The biggest stress for me is the financial end of being single, otherwise, I do not feel any sense of longing or sadness that I don’t have a relationship. Been there, done that, like being my own person much more than being coupled up. Yes, I have become very selfish and self protective of my peace and space in the last decade and seriously, I am married to myself first and foremost of all. :-)

Coloma's avatar

I would also agree that in my age group, where women, even if they also worked outside the home, were expected to cater to and be surrogate mommies to the men. These expectations are still alive and well and I do think most, not all, but MOST men in my age bracket still want a woman to fulfill motherly “duties” for them. Gah!
I have a friend right now who has been with a man for 3 years, who wrangled her up before his divorce of 17 years was final and he spends 5–6 nights a week at her place, where she gets him up for work and makes his breakfast and packs his little boy scout lunch and sends him off to work and washes his clothes and irons his dress shirts!

NO FUCKING WAY!
It’ll be a cold day in hell before I ever sign up as some giant baby mans mommy. lol

KNOWITALL's avatar

@Coloma My husband is so spoiled he won’t even eat leftovers, it’s pathetic! He was his mom’s third & final son so getting him unspoiled is very difficult. I have to admit in our culture in my area men are catered to anyway so I was pretty much raised to spoil the men in my own family.

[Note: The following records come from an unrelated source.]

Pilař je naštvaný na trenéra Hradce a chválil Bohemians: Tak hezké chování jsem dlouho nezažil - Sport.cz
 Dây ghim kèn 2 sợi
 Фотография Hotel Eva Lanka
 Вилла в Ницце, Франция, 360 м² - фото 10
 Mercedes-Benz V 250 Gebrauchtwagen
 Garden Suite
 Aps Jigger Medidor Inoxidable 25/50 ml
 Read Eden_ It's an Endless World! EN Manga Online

Even though I work 40+ he expects a home-cooked meal and a clean house, it sucks and he is quite often disappointed…lol Although I have to admit, men I’ve been with in the past have been very similar in wanting to be taken care of.

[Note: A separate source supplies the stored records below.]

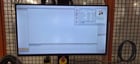 Baca Systems #RSJ201, robo saw jet, 16" bloade, camera system, Kuka 6-Axis robot, like new, 2024 - Image 10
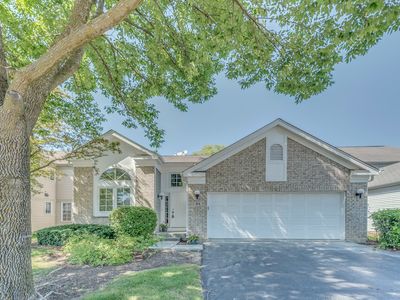 93 Manchester Dr, Buffalo Grove, IL, 60089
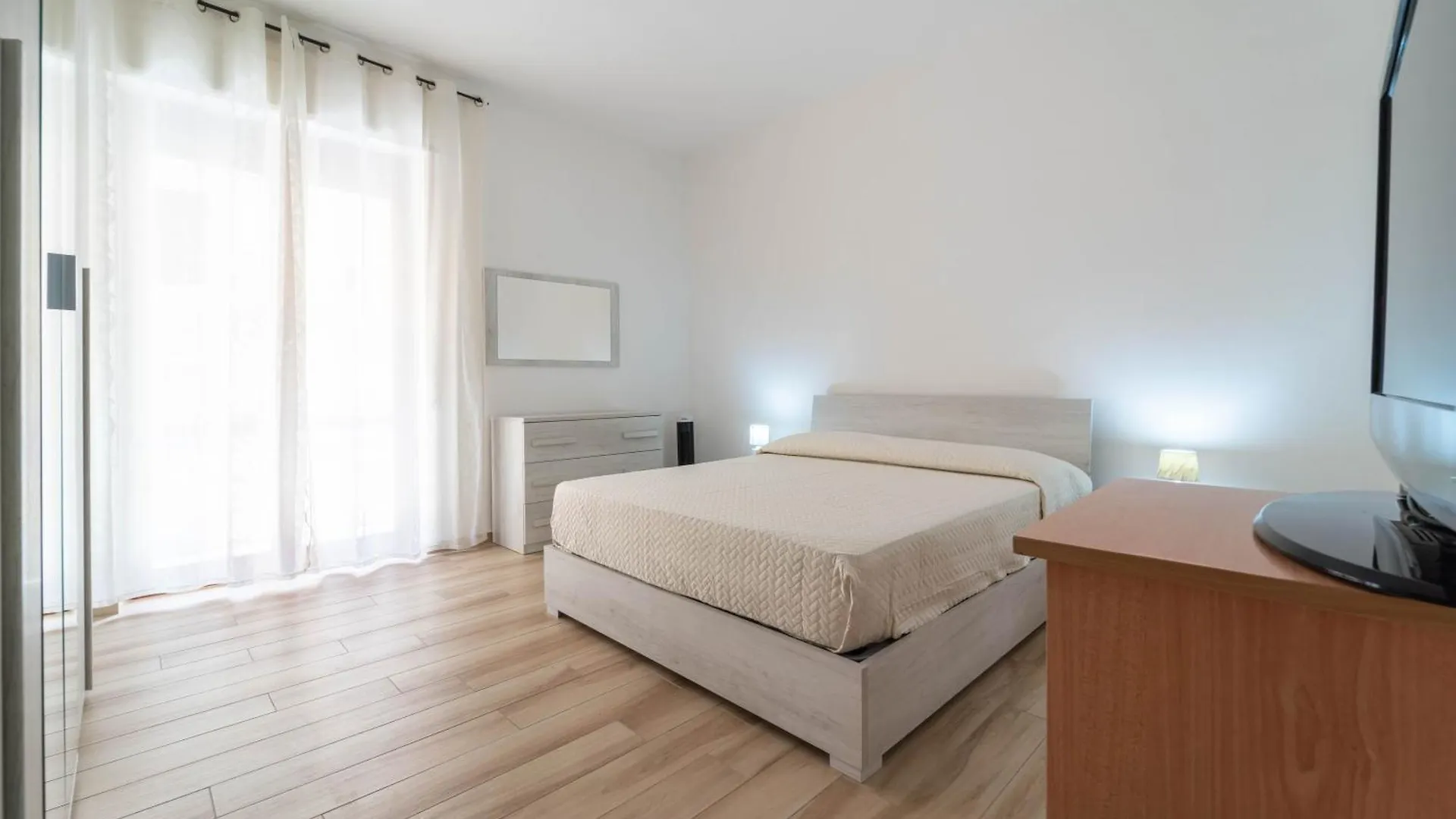 Lilla Apartment Alghero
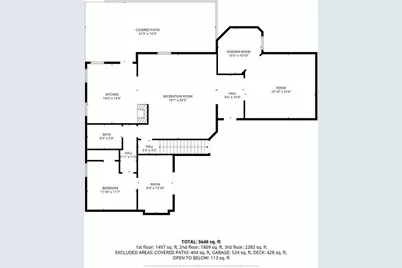 19 Ridge View Court, Acworth, GA 30101 - Photo 69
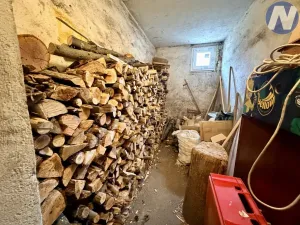 Pronájem bytu 2+1, Prachatice - Ostrov, 58 m2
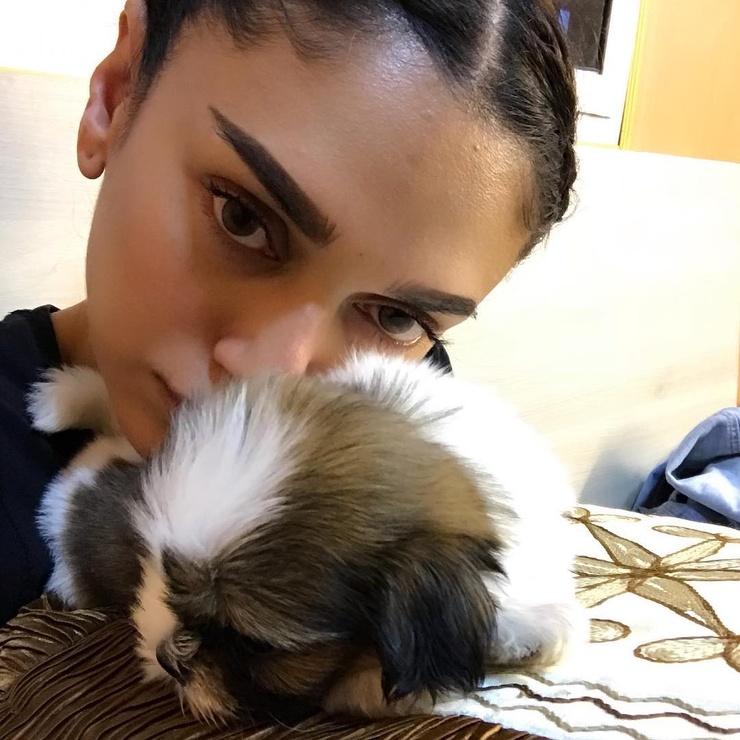 Aditi Rao Hydari Aditi Rao Hydari
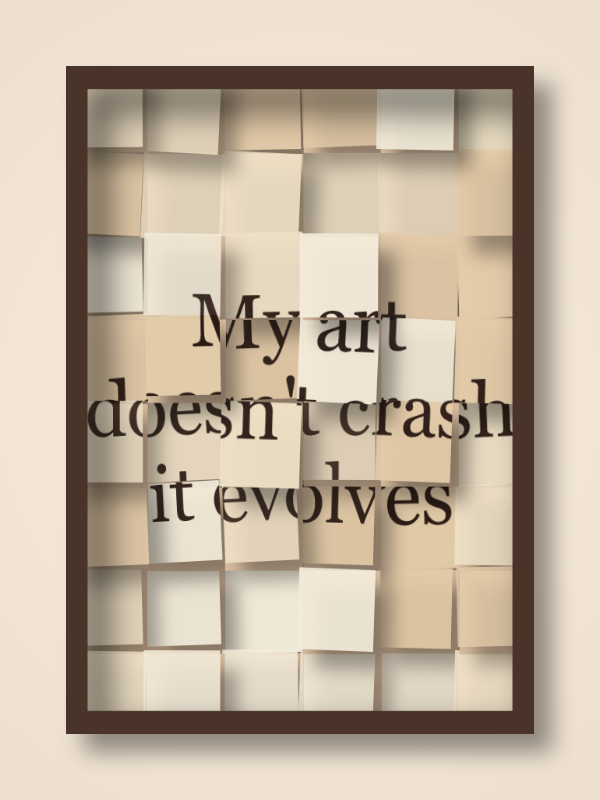 The Metaphor Machine #18318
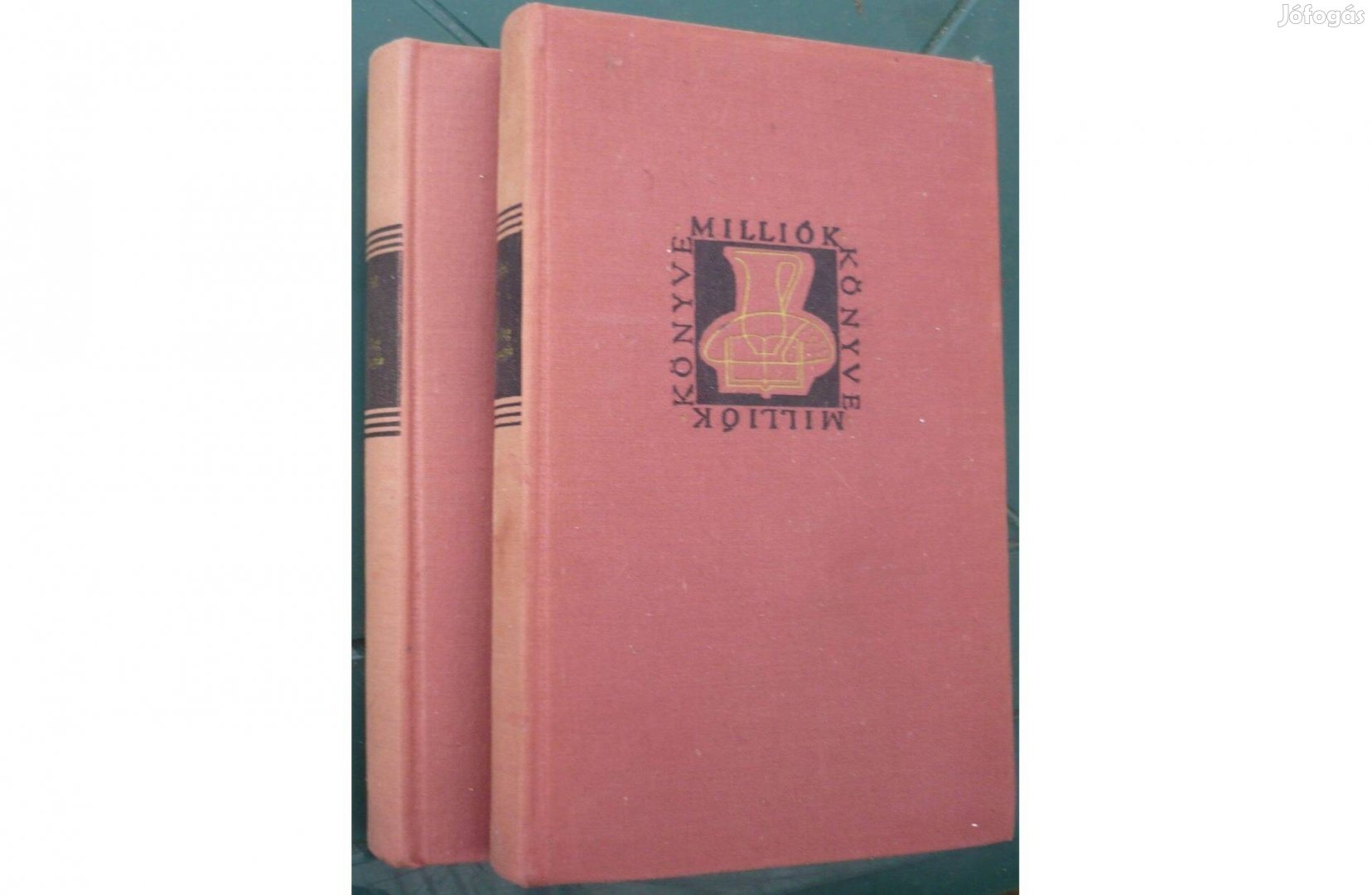 Franz Werfel A Musza Dagh negyven napja I-II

Give me a sexy, inteligent, independent man any day for long-term relationships, otherwise it’s exausting. :)

Coloma's avatar

@KNOWITALL I agree 100%, the programming is pretty hardwired for us females to be caretakers, no thanks, been there, done that. haha

wundayatta's avatar

Funny thing happened on Christmas dinner. Lately, since my wife has retired, she has taken over the day to day cooking, and still does most of the cleaning (which she always did). But for major meals, I’m the cook, and it’s kind of like a performance at the very end when all the dishes are getting done together, and I have to finish the onions, mash the potatoes, take the turkey out of the oven, get the pan juices, and make the gravy, together with trying to communicate with everyone that things are about to be done, and accept the guests contributions to the dinner.

My friends had a great time trying to distract me by asking me questions in the middle of all this. They they amused themselves by making comments about my lack of response. They speculated about whether I could even hear them or not. I could. But I was in the zone. I like being in that zone where everything is happening at once and I have to make it all make sense. It happens in cooking and music and at work at crunch time.

You instantly prioritize things and there’s no time for politeness. It’s triage in the Wundayatta kitchen. And there’s an audience. They like to watch me cook, maybe because I do enter into this fugue state.

I don’t think women are the only ones who like to take care. I do it for everyone, not just myself. I do it to bring people together, and I do it because I can. Because my wife knows what her areas of responsibility are (the front of the house, so to speak), and we’ve been working together for decades now, doing this. It’s a wonderful thing, and it’s a lot of work, and it took three days to clean up afterwards, and now there’s New Year’s Eve, although I doubt if we will party.

Life goes on.

Until it doesn’t.

KNOWITALL's avatar

@wundayatta It is like a performance, especially during holidays. Your friends sound ornery like you- lol

My husband makes a pretty good spaghetti and beef fritters, I have to admit.